**Required work:**
From the line containing "22 Rustic Road, Yaphank, NY 11980" down to the final line of the entries below, return each line exactly and drop the pictures.

= = = = =

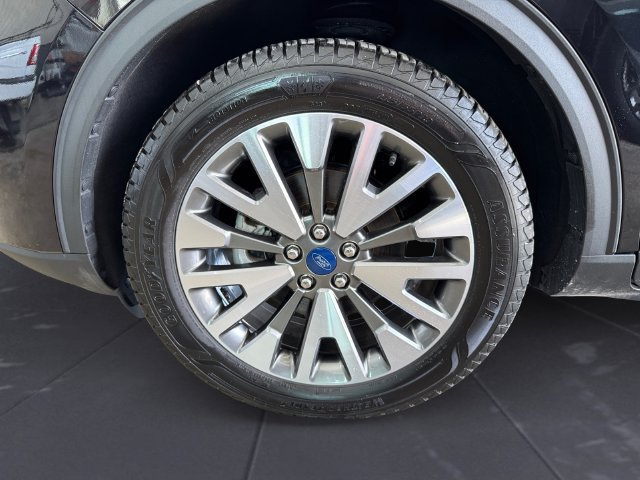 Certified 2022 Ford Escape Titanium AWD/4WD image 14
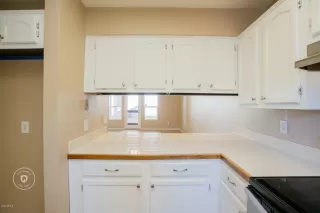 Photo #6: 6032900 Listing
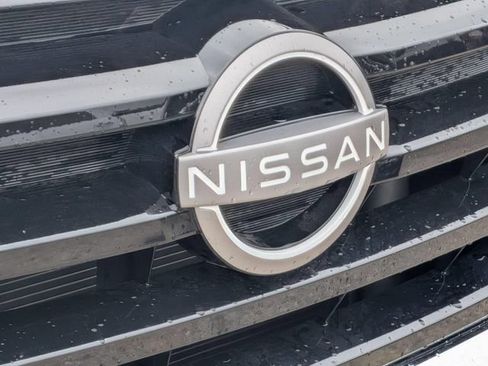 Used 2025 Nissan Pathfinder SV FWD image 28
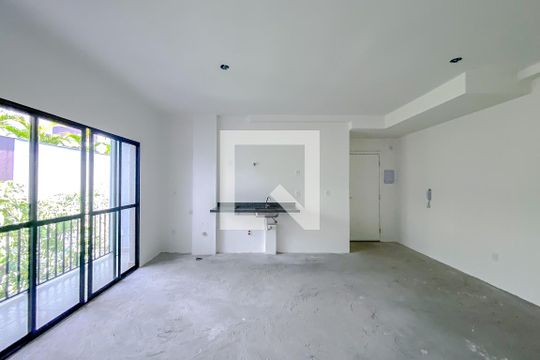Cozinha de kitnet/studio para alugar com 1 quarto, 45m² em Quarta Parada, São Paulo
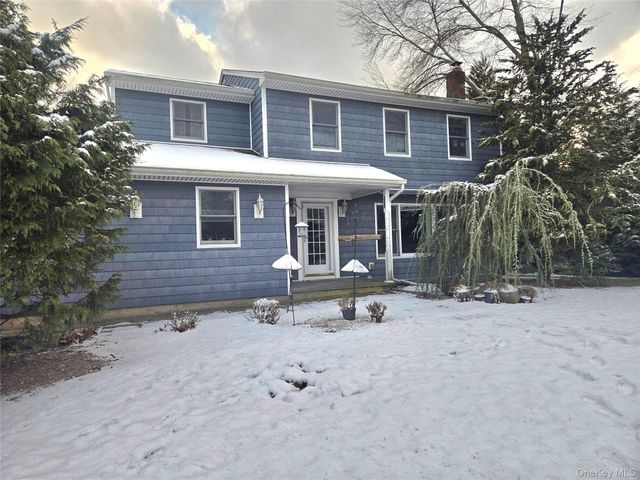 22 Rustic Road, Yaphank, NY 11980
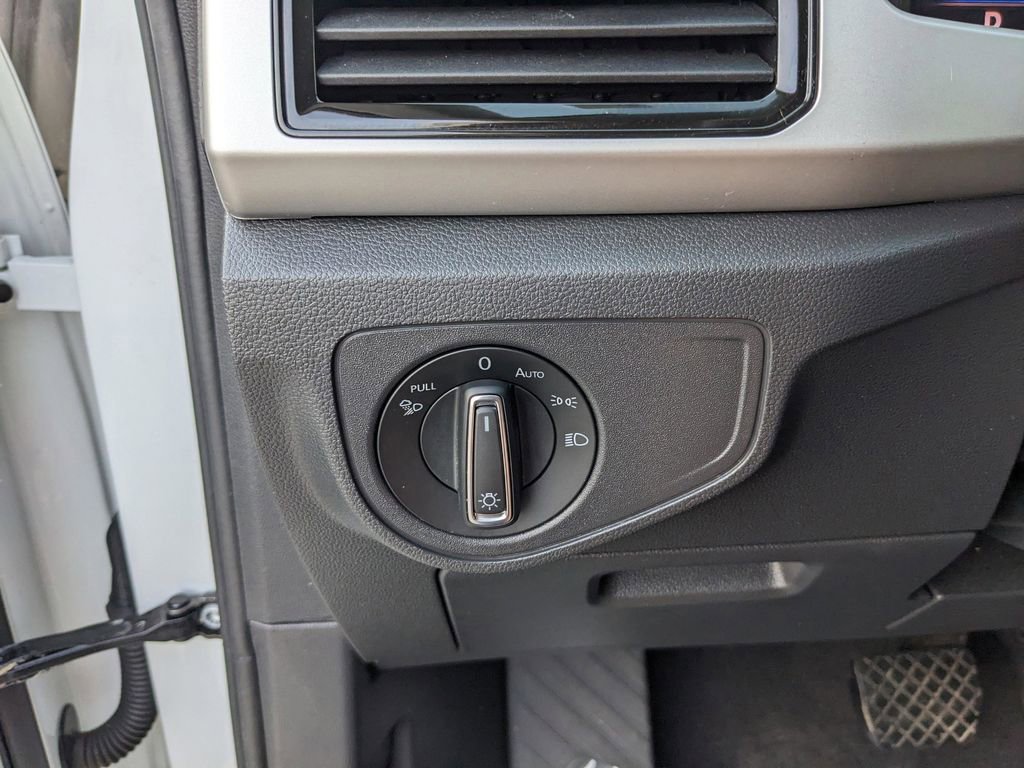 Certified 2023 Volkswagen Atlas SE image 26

= = = = =

**Written reply:**
 22 Rustic Road, Yaphank, NY 11980
 Certified 2023 Volkswagen Atlas SE image 26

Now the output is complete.